Still another disruption of the steady state may occur when one or more mobile stations within a radio communication cell changes its operating characteristics. For example, as illustrated in FIG. 1D if the third mobile station switches from a low data-rate mode of communication to a high data-rate mode of communication, the remaining two mobile stations within the cell will experience increased levels of interference. To counteract the increased levels of interference in the communication band, the system may have to adjust the power levels E1 and E2. The reverse effect may occur when a mobile station switches from a high data-rate mode to a low data-rate mode.
Prior CDMA-based systems use one or more power control loops to appropriately adjust the power levels of signal transmission within the system to counteract the above described disruptions to the steady state condition. According to one exemplary prior technique, for the downlink the mobile station monitors the strength at which it receives signals from the base site. If the signals are too weak, the mobile station transmits a message to its associated base station informing the base station to increase the power at which it transmits to the mobile station. The base station will respond accordingly. However, over time, the base will "tease" the mobile station by slowly decreasing the power to the mobile station until the base station is informed by the mobile station to once again increase the power of transmission to the mobile station. This ensures that the base station is not communicating with the mobile stations using power levels which are unnecessarily high.

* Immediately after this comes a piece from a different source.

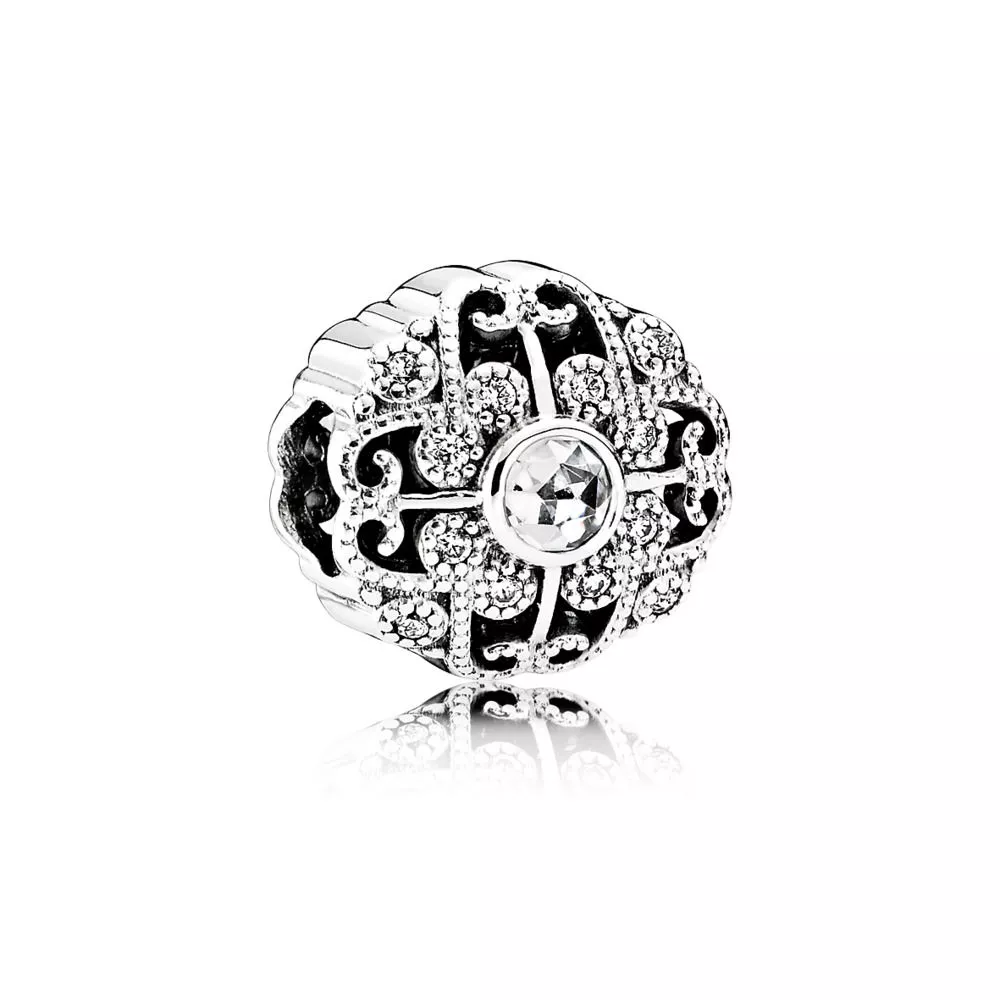 pandora fairytale bloom berlock 791961cz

For example, in the case of FIG. 1B where a fourth mobile station enters a cell, the other mobile stations may instruct the base station to increase the level of power to the mobile stations. The base station will respond accordingly by increasing the power by one increment. If still insufficient to satisfy the mobile station's SIR requirements, the mobile stations will repeat their message to the base station, once again requesting the base station to increase the level at which it transmits messages to the mobile stations. This procedure may be repeated through a series of communications between the base and the mobile stations. If the base "overshoots" the power requirements of the mobile stations, it may have to decrease the power levels to the mobile stations.

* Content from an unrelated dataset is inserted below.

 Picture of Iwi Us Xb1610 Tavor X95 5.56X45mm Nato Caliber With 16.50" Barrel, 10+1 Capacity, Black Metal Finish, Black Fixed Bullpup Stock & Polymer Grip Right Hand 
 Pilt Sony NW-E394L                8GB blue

The iterative nature of this adjustment procedure results in a delay between the time at which a disruption in the interference situation occurs and a time at which the steady state condition is restored. As such, this technique is not well suited for particularly large disruptions to a radio communication system, such as when a high data-rate user suddenly enters a cell comprising only a few mobile users. In this circumstance, as shown in FIG. 1E, the introduction of a new data user at time t=0 will cause a temporary drop in SIR level for user j, which in turn may lead to erroneous signal reception. Such transient peaks in SIR level are particularly common in systems with bursty high data rate users (which are characterized by their discontinuous on-and-off transmission).
It is therefore an exemplary objective of the present invention to adjust the power levels associated with a plurality of mobile stations, in response to the changing needs of the plurality of mobile stations, without resorting to the above described iterative procedure.